Appellate Court Needed More Of A Justification For Such A Large “Haircut.”
For readers who have followed us for some time, you would know that district judges in the Ninth Circuit have to explain “haircuts” from attorney’s fees requests which exceed 10% with some specificity. (See, e.g., Moreno v. City of Sacramento, 534 F.3d 1106, 1111 (9th Cir. 2008) [enunciating 10% rule]; Vargas v. Howell, 949 F.3d 1188, 1195-1197 (9th Cir. 2020) (reviewed in our February 7, 2020 post) [reversing 90% reduction due to lack of adequate explanation].). We now report on an unpublished appellate opinion from our own local 4/3 DCA which shows how a substantial reduction led to a reversal and remand, suggesting that state courts are more and more, under the right circumstances, endorsing the federal test for large fee “haircuts.”

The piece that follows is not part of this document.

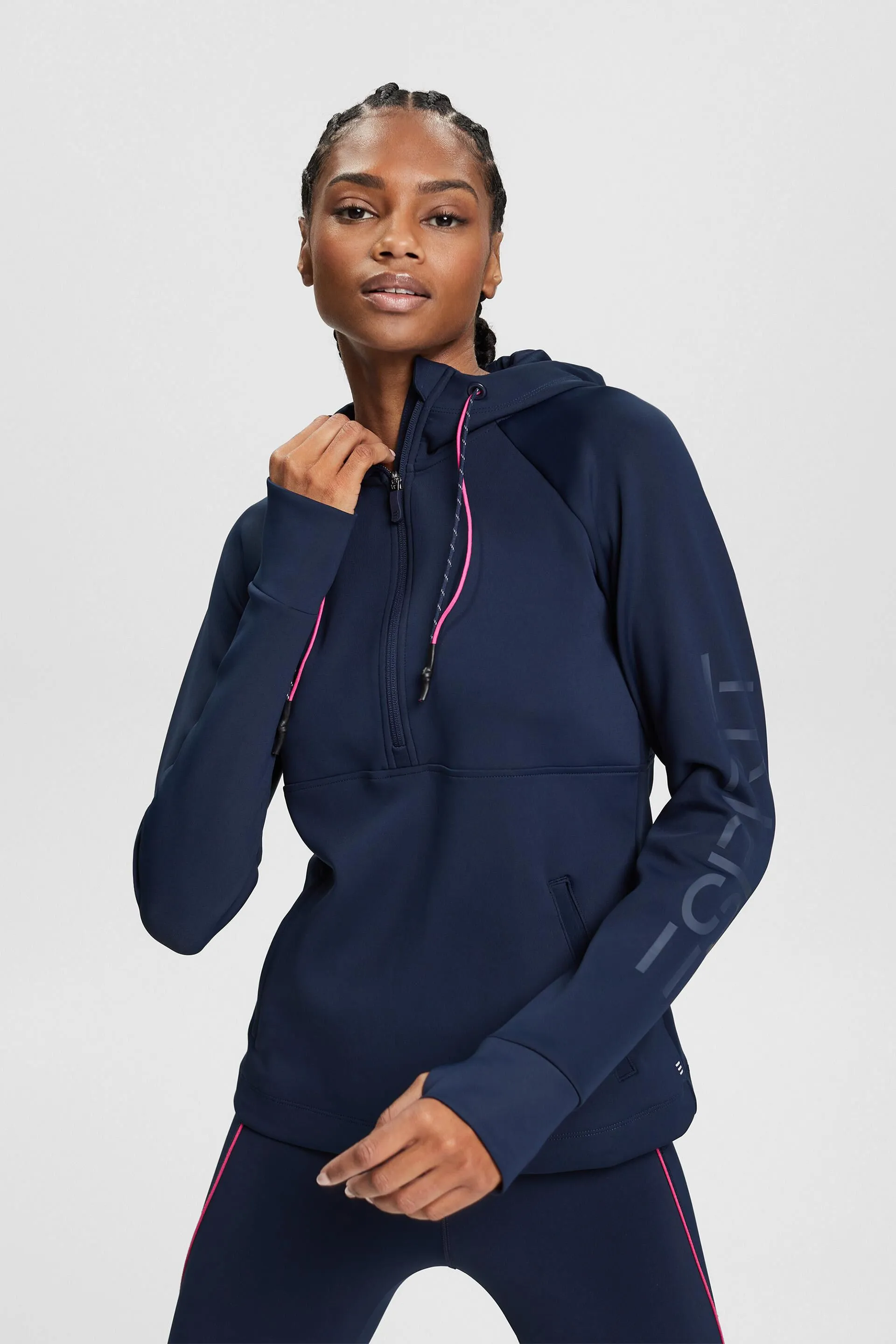 Sudadera deportiva con capucha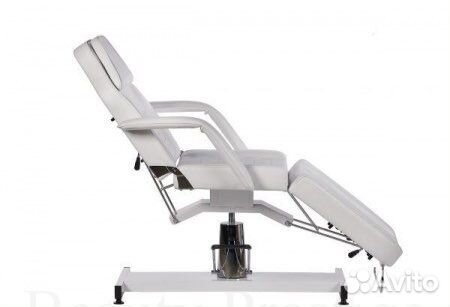 Косметологическое кресло кушетка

In Ramirez v. CL Education, Inc., Case No. G057779 (4th Dist., Div. 3 Sept. 30, 2020) (unpublished), plaintiffs settled a Labor Code-heavy case for $25,001 (with a final payment of $5,001 waived based on defense payments) under a written stipulation allowing recovery of attorney’s fees and costs from defendants upon plaintiffs’ motion for same. In an opposed motion, plaintiffs requested $164,768 in fees/costs (inclusive of a 1.5 contingency multiplier request, but the trial judge only awarded a total of $1,000, with the record unclear whether the lower court had the documentation to fashion such an award.
The Court of Appeal, in a 3-0 opinion authored by Justice Thompson, reversed and remanded. Although recognizing the discretion given to trial judges on fee motions, the appellate court could not divine how the $1,000 award was arrived at and indicated such a reduction required at “least some explanation or justification” for purposes of supporting a substantial “haircut” of this nature. In so doing, it cited Warren v. Kia Motors America, Inc., 30 Cal.App.5th 24, 36 (2018) where heightened scrutiny was recognized in consumer (specifically, a Song-Beverly Act matter) and civil right cases, although observing in a footnote that the federal “haircut” rationale had not previously been applied in cases under state law fee-shifting statutes. Interestingly enough, Warren itself cited Mountjoy v. Bank of America, N.A., 245 Cal.App.4th 266, 280-281 (2016), which in turn applied the federal-type test in a contractual fee wrongful foreclosure matter. So, the jurisprudence seems to be heading in the direction that substantial “haircuts” in state cases must be explained with some degree of specificity. This is a fertile area in which to make new caselaw at the state level for litigators.